= Beginning of Section =

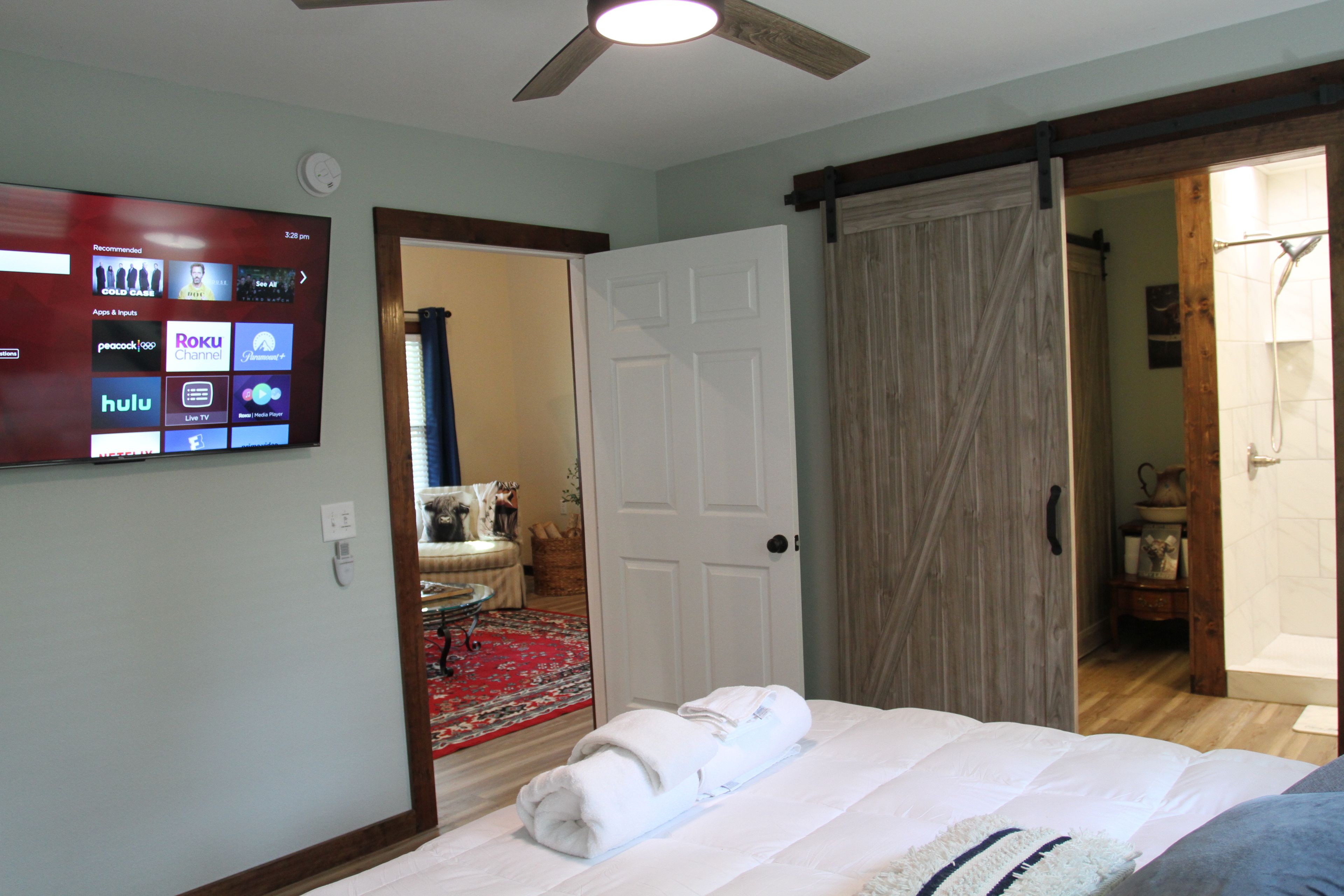 A hotel room with a bed, a television displaying streaming services, a door leading to a bathroom, and a ceiling fan.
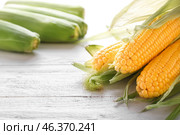 Tasty corncobs on wooden table. Стоковое фото, фотограф Pixel_shot / Фотобанк Лори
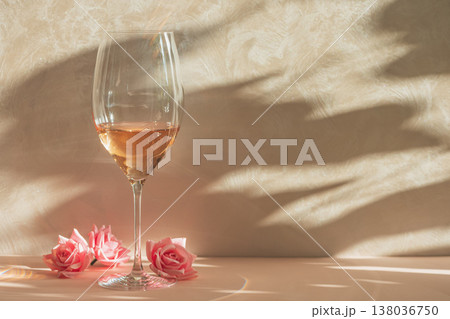 Rose Wine Glass with Pink Roses. Romantic Still Life with Shadows. Rose Wine Glass with Pink Roses. Romantic Still Life with Shadows. 138036750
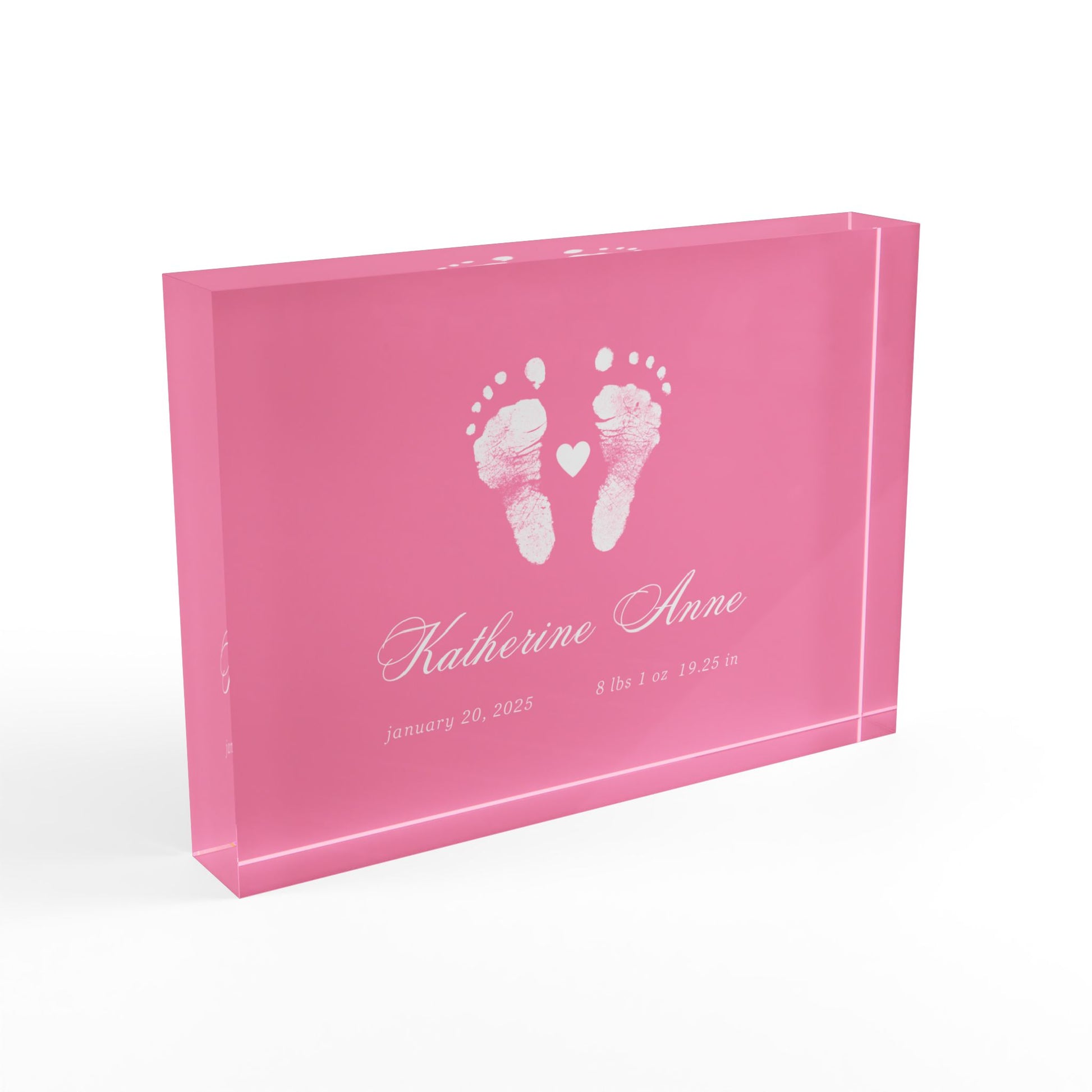 Pink acrylic block with white baby footprints and text_2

= End of Section =

PROBLEM TO WORK ON ::
Print the material precisely as given, dropping any images it holds.

RESPONSE BOX ::
 A hotel room with a bed, a television displaying streaming services, a door leading to a bathroom, and a ceiling fan.
 Tasty corncobs on wooden table. Стоковое фото, фотограф Pixel_shot / Фотобанк Лори
 Rose Wine Glass with Pink Roses. Romantic Still Life with Shadows. Rose Wine Glass with Pink Roses. Romantic Still Life with Shadows. 138036750
 Pink acrylic block with white baby footprints and text_2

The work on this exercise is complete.